The defenses that night had eight sacks while allowing only 327 net yards passing combined. The Lions gave up three sacks, posted 119 net passing yards and won by 14.
The left tackles struggled, to put it kindly. The Giants' Ereck Flowers gave up three sacks. Detroit's Greg Robinson was flagged three times, gave up a sack and was the primary reason we got to see the leaner Matthew Stafford showcase his new run-for-your-life gear.
To see Flowers and Robinson punished in prime time illustrates just how desperate the league is at left tackle in particular and offensive line in general. After all, Flowers was the ninth overall pick in 2015, while Robinson was the second overall pick in 2014.
Robinson is only 24 years old, yet he already has been cast aside for a sixth-round draft pick by the Rams team that drafted him. And he's starting in Detroit only because the Lions were desperate when Taylor Decker underwent shoulder surgery.
Robinson, of course, isn't the only example of even highly drafted linemen fizzling quickly in the NFL.
Luke Joeckel was the second overall pick in 2013. He was going to be Jacksonville's left tackle for 10 years. Four years later, he's the left guard on a line that's probably going to torpedo Seattle's Super Bowl aspirations.
In Week 1, it was Joeckel who helped Packers defensive tackle Mike Daniels impersonate Mean Joe Greene. The play of the game in that Packers win was Daniels beating Joeckel and strip-sacking Russell Wilson inside his 10-yard line.
So why the widening gap?
The popular notions are the over-simplified protection schemes in college and an NFL Collective Bargaining Agreement that has reduced practice time and the amount of time spent in full pads.
"I'm not trying to blame college, but it's all the spread stuff you see," Vikings coach Mike Zimmer said. "It's slide one way, slide the other."
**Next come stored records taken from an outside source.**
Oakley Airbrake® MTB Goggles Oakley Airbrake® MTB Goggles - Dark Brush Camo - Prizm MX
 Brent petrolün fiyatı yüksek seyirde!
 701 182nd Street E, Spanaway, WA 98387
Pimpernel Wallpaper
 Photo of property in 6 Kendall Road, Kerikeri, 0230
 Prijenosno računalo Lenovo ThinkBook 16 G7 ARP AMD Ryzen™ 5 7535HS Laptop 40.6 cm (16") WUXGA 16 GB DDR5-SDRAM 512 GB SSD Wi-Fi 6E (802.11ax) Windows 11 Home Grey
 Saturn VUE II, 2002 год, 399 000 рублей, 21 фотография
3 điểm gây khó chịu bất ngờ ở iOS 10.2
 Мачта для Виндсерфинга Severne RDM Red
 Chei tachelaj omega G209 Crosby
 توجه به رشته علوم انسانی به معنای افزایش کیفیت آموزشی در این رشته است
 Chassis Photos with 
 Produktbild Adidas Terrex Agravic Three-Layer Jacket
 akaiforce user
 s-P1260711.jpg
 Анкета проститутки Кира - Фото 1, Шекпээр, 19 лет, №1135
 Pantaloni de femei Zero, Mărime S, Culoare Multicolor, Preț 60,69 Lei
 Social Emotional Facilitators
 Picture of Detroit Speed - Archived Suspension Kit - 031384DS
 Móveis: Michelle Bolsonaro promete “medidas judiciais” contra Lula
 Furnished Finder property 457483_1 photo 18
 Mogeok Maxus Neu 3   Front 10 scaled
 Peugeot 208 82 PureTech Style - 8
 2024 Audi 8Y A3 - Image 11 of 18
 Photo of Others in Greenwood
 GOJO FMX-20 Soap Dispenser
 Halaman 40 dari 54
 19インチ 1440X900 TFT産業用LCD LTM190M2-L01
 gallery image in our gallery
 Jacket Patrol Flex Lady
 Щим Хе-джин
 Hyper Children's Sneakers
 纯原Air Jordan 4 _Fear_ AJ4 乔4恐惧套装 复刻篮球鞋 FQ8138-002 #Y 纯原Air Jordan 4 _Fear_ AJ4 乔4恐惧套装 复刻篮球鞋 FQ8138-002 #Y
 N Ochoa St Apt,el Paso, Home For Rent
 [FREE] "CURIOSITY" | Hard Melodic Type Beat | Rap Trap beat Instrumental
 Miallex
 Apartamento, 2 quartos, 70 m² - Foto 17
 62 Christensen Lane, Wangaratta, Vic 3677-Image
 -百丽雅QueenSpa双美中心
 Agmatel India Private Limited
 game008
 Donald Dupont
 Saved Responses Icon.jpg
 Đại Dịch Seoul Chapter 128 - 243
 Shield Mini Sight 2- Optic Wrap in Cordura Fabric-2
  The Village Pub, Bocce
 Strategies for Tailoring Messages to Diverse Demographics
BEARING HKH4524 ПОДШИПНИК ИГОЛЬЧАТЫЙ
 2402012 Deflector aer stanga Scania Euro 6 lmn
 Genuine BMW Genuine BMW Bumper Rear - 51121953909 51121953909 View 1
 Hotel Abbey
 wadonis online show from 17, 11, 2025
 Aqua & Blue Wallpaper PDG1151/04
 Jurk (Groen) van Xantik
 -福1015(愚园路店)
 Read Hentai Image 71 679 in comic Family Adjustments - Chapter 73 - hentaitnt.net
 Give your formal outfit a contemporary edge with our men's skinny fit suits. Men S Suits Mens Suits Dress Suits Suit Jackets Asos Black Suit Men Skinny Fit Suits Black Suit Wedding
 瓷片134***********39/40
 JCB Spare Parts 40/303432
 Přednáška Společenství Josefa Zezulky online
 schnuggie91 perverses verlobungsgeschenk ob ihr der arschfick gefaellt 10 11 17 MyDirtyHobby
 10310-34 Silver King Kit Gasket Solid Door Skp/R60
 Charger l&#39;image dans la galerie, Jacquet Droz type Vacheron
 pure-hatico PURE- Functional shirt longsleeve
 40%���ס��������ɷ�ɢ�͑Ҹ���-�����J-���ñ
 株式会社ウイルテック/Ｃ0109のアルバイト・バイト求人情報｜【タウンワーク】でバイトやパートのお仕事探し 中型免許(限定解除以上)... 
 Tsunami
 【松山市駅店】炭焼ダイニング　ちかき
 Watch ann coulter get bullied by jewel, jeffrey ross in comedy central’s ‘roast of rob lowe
And that's pretty much it as far as college protections go.
"My rookie year in San Diego, [defensive end] Dwight Freeney was there and he told me he thinks it takes an offensive lineman four or five years to be great in this league," said Vikings backup lineman Jeremiah Sirles. "He said college linemen coming in don't know the different protections, the different sets, how to use their hands. Playing O-line in the NFL has to be learned in the NFL."
Meanwhile, the college game sharpens great athletes into great pass rushers, making more of them ready-made weapons at the next level.
"There are some tremendous pass rushers coming out of college football," Vikings offensive coordinator Pat Shurmur said. "My boy [Vanderbilt quarterback Kyle Shurmur] plays in the SEC and I watch it every week. I watch what's going after him every week."
Meanwhile, the large men trying to block these college rushers become pass blocking toddlers at the next level. Throw in the fact that offensive linemen need to learn how to play in unison with four other linemen and, well, it becomes an issue.
"I do think, because of the rules of training here in the offseason that we have now, there really is no contact, per se," Shurmur said. "That's how an offensive lineman needs to work. He needs to be engaged with somebody."
In a cyclical league, one way to rebalance the scales is to go old-school and run the ball with more brute force.
"These great pass rushers are mostly 250-pound specialists," said former All-Pro NFL linebacker Chris Spielman, who will work Sunday's Buccaneers-Vikings game as Fox's analyst. "When it's second-and-long, they have money time in their heads. They're thinking sacks. If it's second-and-short, they have to think about more than chasing the quarterback."